When OAuth Tokens Live Too Long & a Two-Week Hardening Sprint
A look at token longevity, an unexpected timeline, and the changes that followed
This article is by Prem Parameswaran, CTO of Gainsight
Over the past few weeks, I have spoken with many of you regarding the security advisory involving Gainsight’s Connected App on Salesforce and promised a comprehensive technical explanation. This post explains what we found, what the investigation revealed, and what the Gainsight team built in response.
How the Advisory Began
On November 19, 2025, Salesforce contacted us about unusual activity involving Gainsight-published applications connected to Salesforce. They saw requests hitting their systems that weren’t coming from Gainsight’s applications, infrastructure, or our IP addresses, but were using OAuth tokens that had been issued to the Gainsight-Salesforce connector.
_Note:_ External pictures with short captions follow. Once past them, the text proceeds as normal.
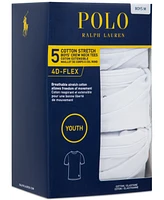 Polo Ralph Lauren Big Boys Crewneck Undershirts, 5 Pack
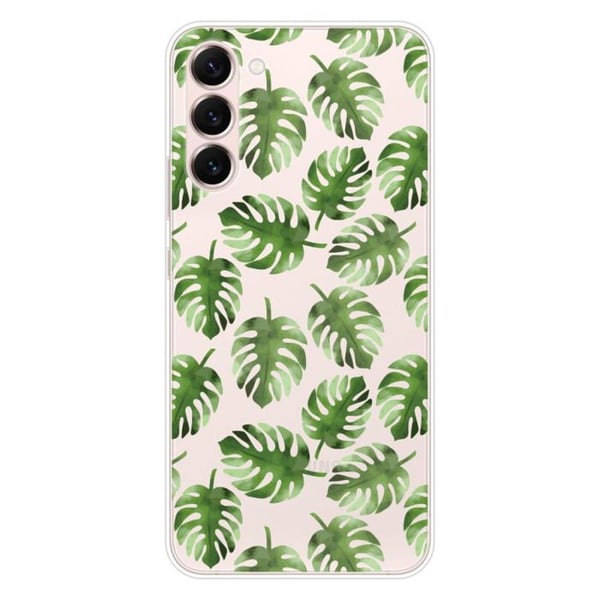 Tryckt silikonfodral som är kompatibelt med Samsung Galaxy S23 Plus Monstera löv
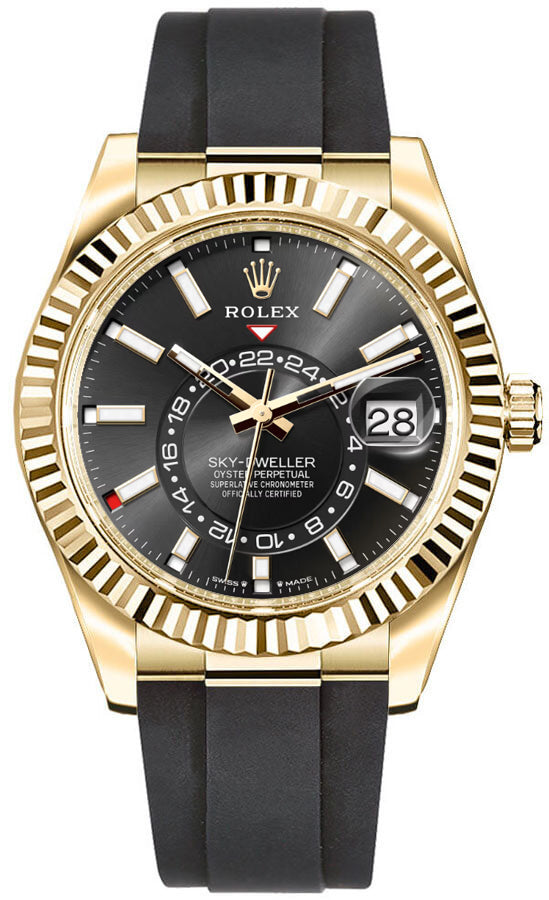Rolex Sky-Dweller 18k Yellow Gold Oysterflex Men's Watch 336238-0002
We immediately engaged Mandiant and CrowdStrike, two of the world’s leading cybersecurity firms, to conduct a comprehensive investigation. They had full access to all our environments: production, development, and corporate; all systems, endpoints, backups, and logs. There were no constraints on their scope.
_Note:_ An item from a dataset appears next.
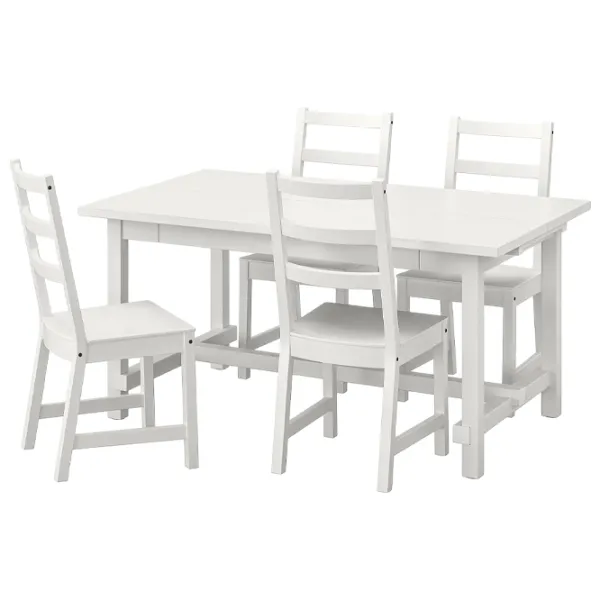 Set masă și scaune Ikea Nordviken Dreptunghiulară / PAL / White photo 1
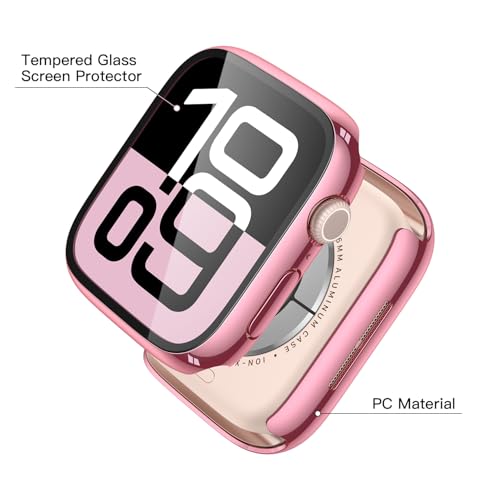 Image of Misxi 2 Pack Tempered Glass Case Compatible for Apple Watch Series 11 (2025) Series 10 42mm, Hard PC Screen Protector Overall Protection Scratch-Resistant Cover for iWatch, 1 Rose Pink + 1 Transparent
Separately, on November 20, 2025, Mandiant received an email from an individual or group self-identifying as threat actor(s) containing a file with 285 Salesforce OAuth tokens associated with the Gainsight integration.
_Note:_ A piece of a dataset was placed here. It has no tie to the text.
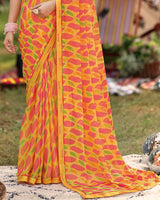Vishal Prints Yellowish Pink Printed Brasso Saree With Fancy Border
After completing their exhaustive investigation, they concluded three key things:
They could not identify the source of the leaked token set.
They found no evidence in Gainsight logs of active threat actor(s).
They found no evidence, going back as far as our logs allow (one year), that the leaked tokens originated from Gainsight’s systems.
The investigation established the timeline and nature of the events, but identifying the root cause was more complex due to the timeframes involved, which we’ll explain.
Two Events Across Two Years
What appears as a single advisory actually involves two distinct events separated by at least two years.
Recent event (October — November 2025): Threat actor(s) reused older OAuth tokens to call Salesforce APIs against customer orgs where those tokens remained active.
Historical event (~August 2023): Threat actor(s) originally obtained those tokens from Gainsight or harvested them from external environments or endpoints outside of Gainsight’s control.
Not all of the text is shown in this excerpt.